District Court of Appeal of Florida, First District.

June 17, 1987.

*1157 Henry Fierro, Miami, and Jay M. Levy, of Hershoff & Levy, Miami, for appellants.

Jeffrey C. Fox, of Ress, Gomez, Rosenberg, Howland & Mintz, North Miami, for appellee.

WENTWORTH, Judge.

Appellant contends in this appeal from a workers' compensation order that the deputy erred in the award of attendant care by including ordinary household services. We affirm.

As amended in 1983, section 440.13(2) states that:

The employer shall provide appropriate professional or nonprofessional custodial care when the nature of the injury so requires; provided, however, family members shall not be paid for such care when the services they provide do not go beyond those which are normally provided by family members on a gratuitous basis.

Bonnie Health Farm v.
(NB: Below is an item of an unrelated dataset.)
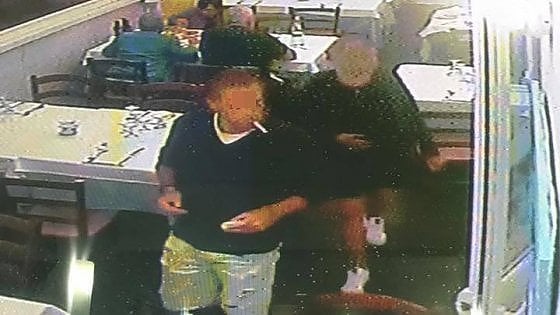 fuggono senza pagare conto da 83 euro: gestore pubblica FOTO su Facebook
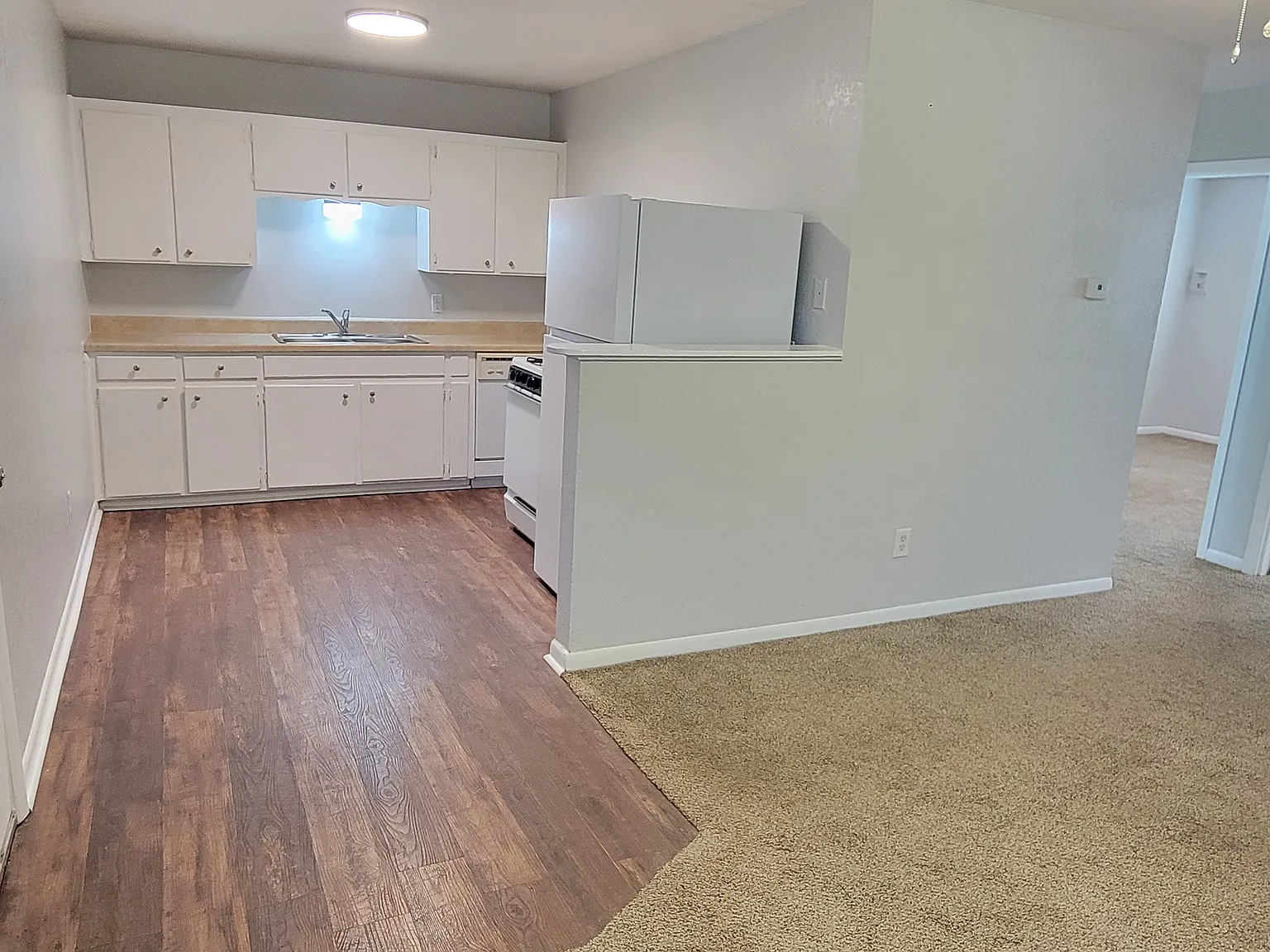 2 bed, $945 — Photo 3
Ferrell, 458 So. 2d 1147 (Fla. 1st DCA 1984), indicates that this statutory amendment merely codifies the existing decisional rule, and contemplates compensation for family members who provide nonprofessional care required by an industrial injury. Where an industrial injury necessitates additional services beyond the usual routine an attendant care award is proper even though the additional services are furnished by a family member. See Walt Disney World Co. v. Harrison, 443 So. 2d 389 (Fla. 1st DCA 1983). In the present case the evidence establishes claimant's need for attendant care and household services which he formerly provided for himself. The deputy's award of payment for such services now provided by claimant's spouse is thus appropriate within the rule recognized in Walt Disney World and Ferrell.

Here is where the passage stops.